Ces enregistrements couvrant la période Clay Allison ainsi que les nombreux “à-côtés” édités sous Opal sont de véritables trésors de la musique américaine. Si Happy Nightmare Baby fait la part belle au blues sensuel et aux guitares puissantes, ces Early Recordings révèlent toutes les influences folk et psyché du duo de choc, de Neil Young au Velvet Underground, de Bob Dylan à Leonard Cohen.

L’unique clip de Opal, plein de naïveté et d’insouciance.

Comment ne pas se laisser emporter par la douceur teintée de profonde mélancolie de Empty Box Blues, My Only Friend ou du formidable I called Erin ? La voix de Kendra Smith est parfaite dans son honnêteté et sa simplicité. Une voix assez grave et suave, un chant posé et simple ; Kendra n’est pas une chanteuse professionnelle, c’est une femme qui vit, qui fume probablement, qui connaît les joies et les tristesses du quotidien. Elle n’en possède pas moins une voix entraînée et parfaitement maîtrisée, qui m’évoque notre intouchable Françoise Hardy lorsqu’elle monte un peu plus dans les aigus et dans la douceur sur des morceaux comme Grains of Sand, sur la reprise de Sisters of Mercy de Cohen, ou sur le très psychédélique et très sombre Lisa’s Funeral.

L’éternelle Kendra Smith.

Lisa’s Funeral sur lequel Roback s’exprime avec gravité sur sa guitare, un morceau incroyable entrelaçant des riffs plombants avec des plans ouverts, froids et saturés qu’on croirait sortis du post-punk Manchester, le tout souligné par de l’orgue Hammond ; de la Funeral Psych Wave.

La patte de David Roback se reconnaît dans ces riffs en volutes superposées et ouvertes, mais puisant dans un répertoire moins saturé, dans des blues plus légers ou dans le rock folk de Neil Young – influence particulièrement évidente sur My Canyon Memory par exemple – ou bien allant sur le psychédélisme lent, cosmique, empreint de fascination pour l’esthétique Hindoue notamment sur le formidable Brigit On Sunday : percussions orientalisantes, modulations à la guitare, ambiance ritualistique aux synthés, discrètes fioritures au clavecin… On n’est pas très loin de Dead Can Dance dans l’esprit.

Plus folk, plus doux et plus diversifié par nature, ce recueil de Early Recordings est l’héritage de Opal tout autant que Happy Nightmare Baby.
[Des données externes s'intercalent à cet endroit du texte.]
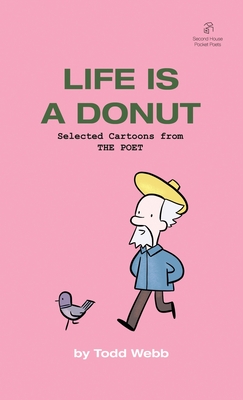 Life Is A Donut: Selected Cartoons from THE POET - Volume 3 - Todd Webb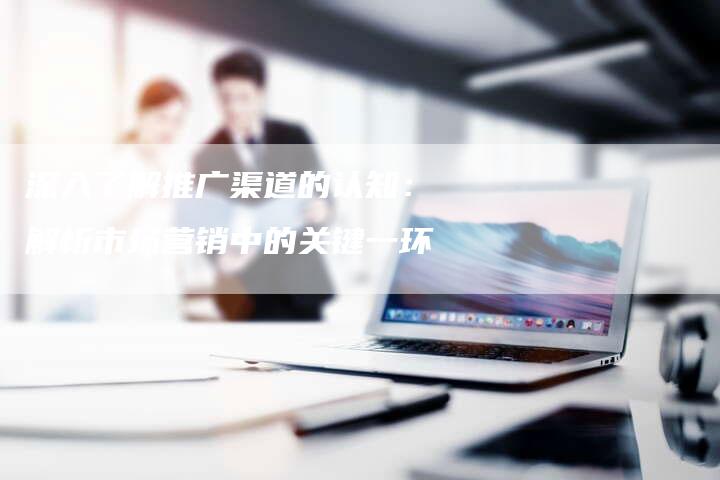 深入了解推广渠道的认知:解析市场营销中的关键一环-想发外链网
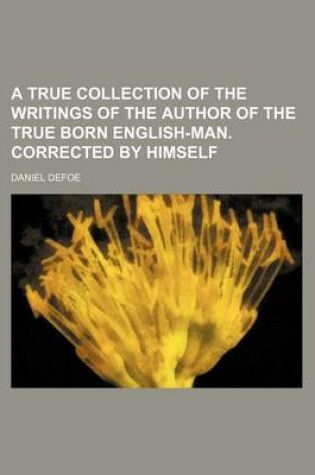 Cover of A True Collection of the Writings of the Author of the True Born English-Man. Corrected by Himself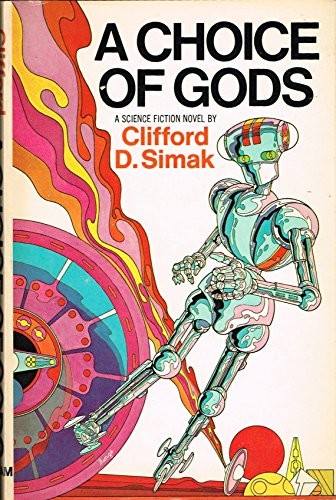 Clifford D. Simak: A Choice of Gods (Hardcover, Putnam Pub Group)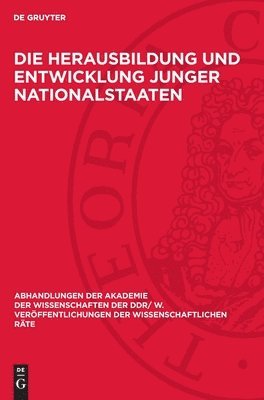 Nocontributor, Degruyter - Die Herausbildung und Entwicklung junger Nationalstaaten, Inbunden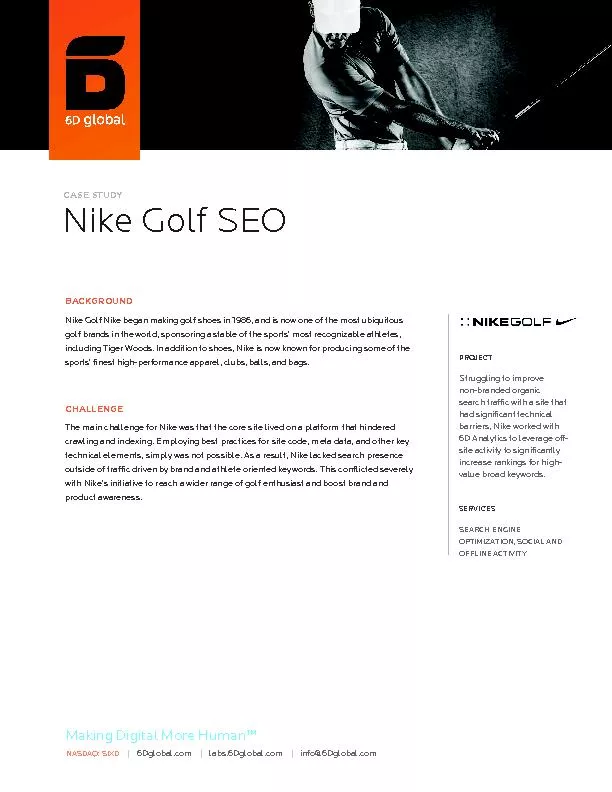 BACKGROUNDNike Golf Nike began making golf shoes in 1986, and is now o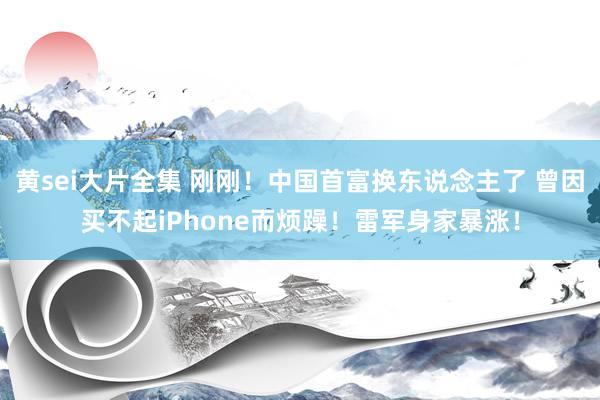 黄sei大片全集 刚刚！中国首富换东说念主了 曾因买不起iPhone而烦躁！雷军身家暴涨！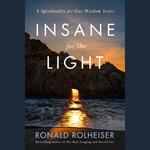 Insane for the Light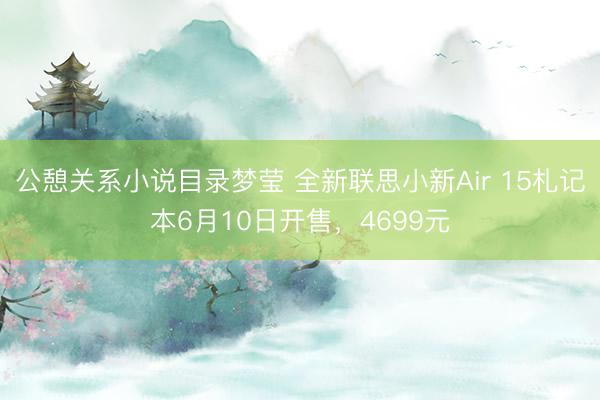 公憩关系小说目录梦莹 全新联思小新Air 15札记本6月10日开售，4699元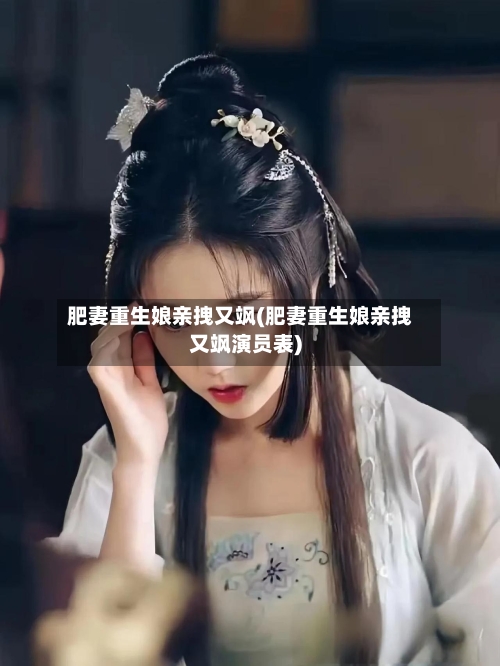 肥妻重生娘亲拽又飒(肥妻重生娘亲拽又飒演员表)-第1张图片
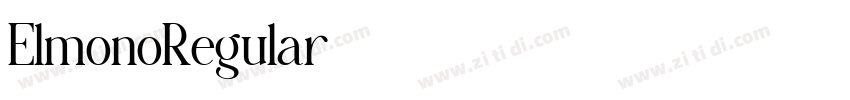 ElmonoRegular字体转换 ElmonoRegular字体转换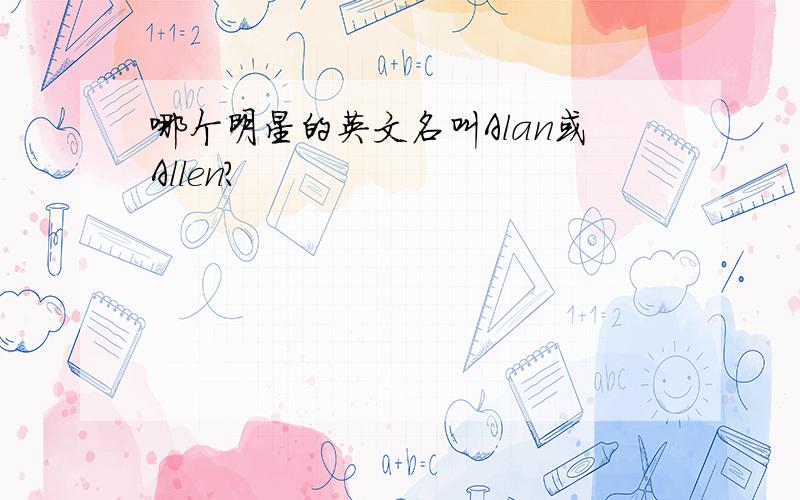 哪个明星的英文名叫Alan或Allen?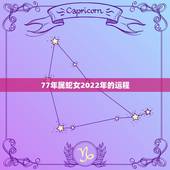 77年属蛇女2022年的运程，77年属蛇三大劫难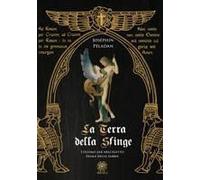 La Terra Della Sfinge. L'ultimo Sàr Nell'egitto Prima Delle Sabbie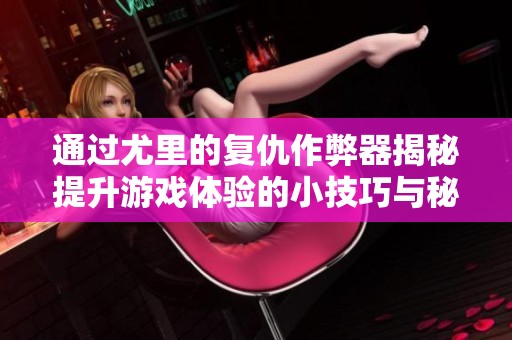 通过尤里的复仇作弊器揭秘提升游戏体验的小技巧与秘诀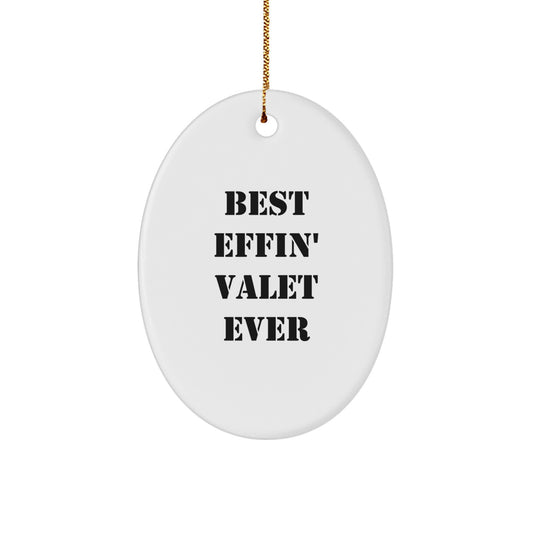 Funny Valet Gifts from Best Effin' Valet Ever, Oval Ornament for Men, Women, or Friends this Christmas, Gifts for Valet Lovers
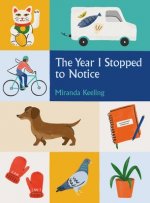 Year I Stopped to Notice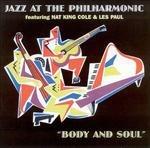 Jazz at the Philharmonic. Body and Soul - CD Audio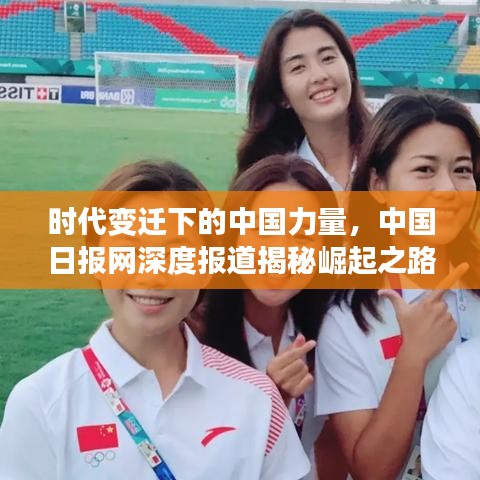时代变迁下的中国力量，中国日报网深度报道揭秘崛起之路
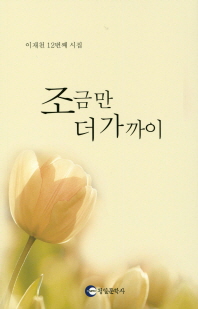 조금만 더 가까이 : 이재천 12번째 시집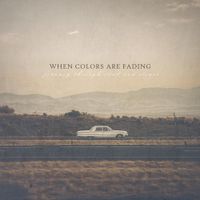 When Colors Are Fading - Journey Through Sand and Stones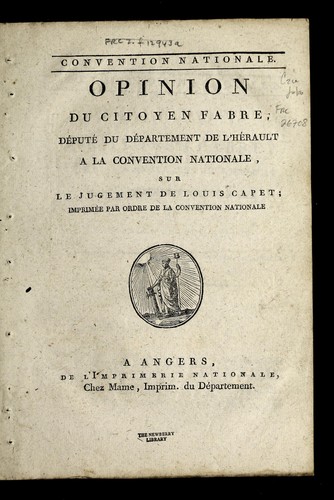 Opinion du citoyen Fabre, de pute  du de partment de l'He rault a la Convention nationale, sur le jugement de Louis Capet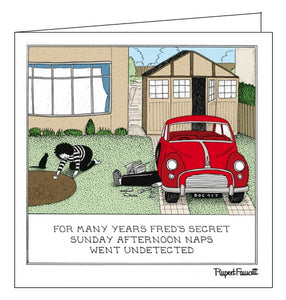 This funny blank card from Rupert Fawcett's Fred range features a cartoon of Fred's legs sticking out from underneath a car. The caption on the front of the card reads "For many years Fred's secret Sunday afternoon naps went undetected".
Un “must have” qui a remis en lumière Opal pour le meilleur ; une entité étrange, hors du temps et des canons, nourrie par la folk psyché, le blues et le punk, presque alternative avant l’heure. Malheureusement je ne peux que vous proposer de l’écouter à la mémoire de son créateur, désormais disparu.

David Roback (1958-2020) a eu une vie artistique bien remplie qui ne s’est pas arrêtée en 1987 avec Opal, et dont on reparlera ; qu’il repose en paix après avoir apporté sa pierre à la folk, au blues, aux musiques qu’il aimait.